Oct. 3 (Bloomberg) -- A gauge of U.S. corporate credit risk fell to the lowest level in two weeks as companies added more jobs than estimated last month.
The Markit CDX North America Investment Grade Index, a credit-default swaps benchmark that investors use to hedge against losses on corporate debt or to speculate on creditworthiness, decreased 2.2 basis points to a mid-price of 96.1 basis points at 4:50 p.m. in New York, according to data compiled by Bloomberg. Contracts tied to Hewlett-Packard Co. rose to the most since July.
The measure dropped as ADP Employer Services said companies added 162,000 jobs in September, exceeding the 140,000 median estimate of 38 economists surveyed by Bloomberg, allaying investor concern that the recovery is weakening. The Institute for Supply Management’s index of U.S. non-manufacturing businesses rose to 55.1 last month, up from 53.7 in August. Readings above 50 signal expansion.

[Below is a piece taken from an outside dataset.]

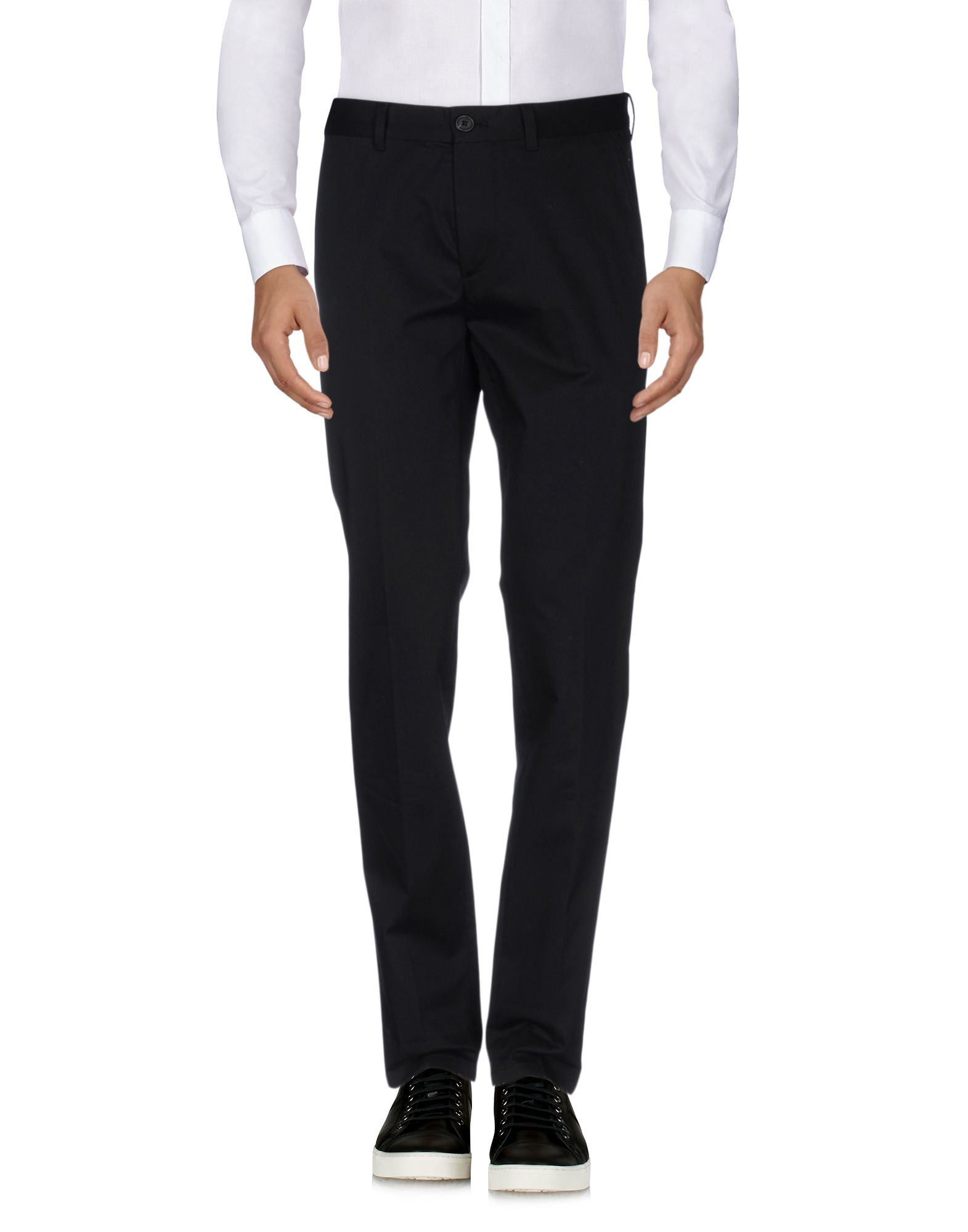 prada sweatsuit mens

“We still believe that this is a slow-growth environment with modest job growth,” John Donaldson, director of fixed income at Radnor, Pennsylvania-based Haverford Trust Co., said in a telephone interview. Corporate bonds remain attractive as “one of the few answers to both yield and call protection,” enabling investors to “minimize reinvestment risk,” he said.

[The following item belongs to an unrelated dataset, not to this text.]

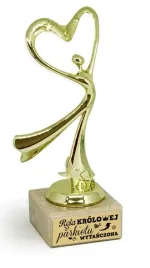 statuetka-zlote-serce-slub-podziekowania-za-role-najlepszego-taty-poz102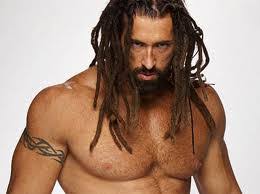 Tyler Reks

The credit-swaps index typically falls as investor confidence improves and rises as it deteriorates. The contracts pay the buyer face value if a borrower fails to meet its obligations, less the value of the defaulted debt. A basis point equals $1,000 annually on a contract protecting $10 million of debt.

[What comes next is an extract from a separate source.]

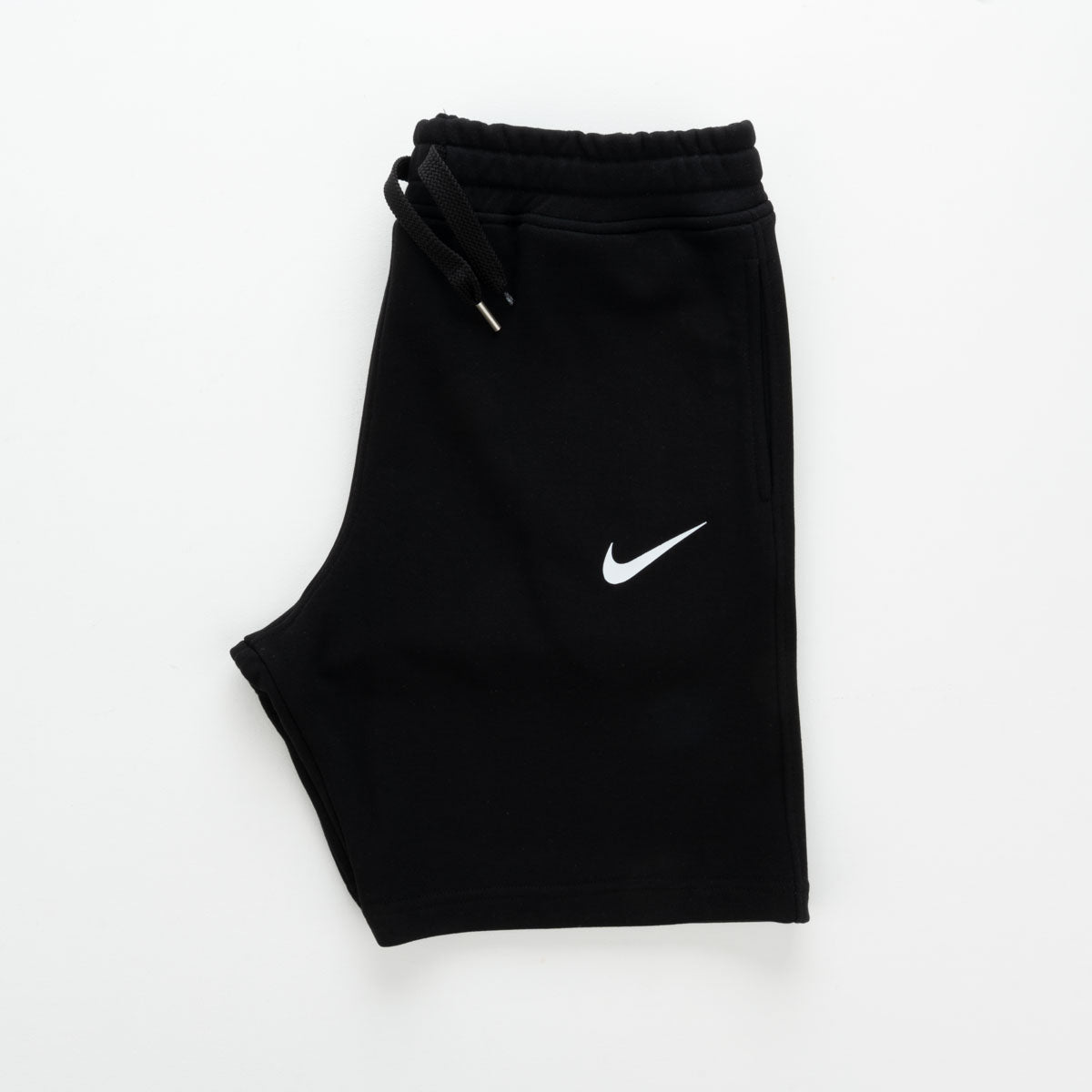Premium Cotton Short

Crown Castle International Corp., the junk-rated provider of infrastructure for wireless communications, sold $1.65 billion of 5.25 percent notes that mature in 2023, according to data compiled by Bloomberg. Proceeds from the bond issue, along with cash and funds from its revolving credit line, may be used to help finance the company’s purchase of rights to operate cellular towers of Deutsche Telekom AG’s T-Mobile USA unit, Houston-based Crown Castle said today in a statement.
APA Group, the Australian natural gas transporter, sold $750 million of 3.875 percent, 10-year notes in its first U.S. benchmark bond sale, according to data compiled by Bloomberg. Proceeds from the issue, made through its APT Pipelines Ltd. financing unit, will be used to pay existing debt and for general corporate purposes, a person familiar with the offering said.
The average relative yield on speculative-grade debt rose 1 basis point, led by the spreads on junk-rated bonds of utility companies, which widened 4 basis points, Bloomberg data show. High-yield, high-risk securities are rated below Baa3 by Moody’s Investors Service and less than BBB- by Standard & Poor’s.
Credit swaps tied to Hewlett-Packard rose 28.9 basis points to 302.3 basis points, the highest level since July 23, at 3:30 p.m. in New York, according to data provider CMA, which is owned by McGraw-Hill Cos. and compiles prices quoted by dealers in the privately negotiated market. CEO Meg Whitman forecast fiscal 2013 profit that missed estimates and said a turnaround at the Palo Alto, California-based company won’t happen soon.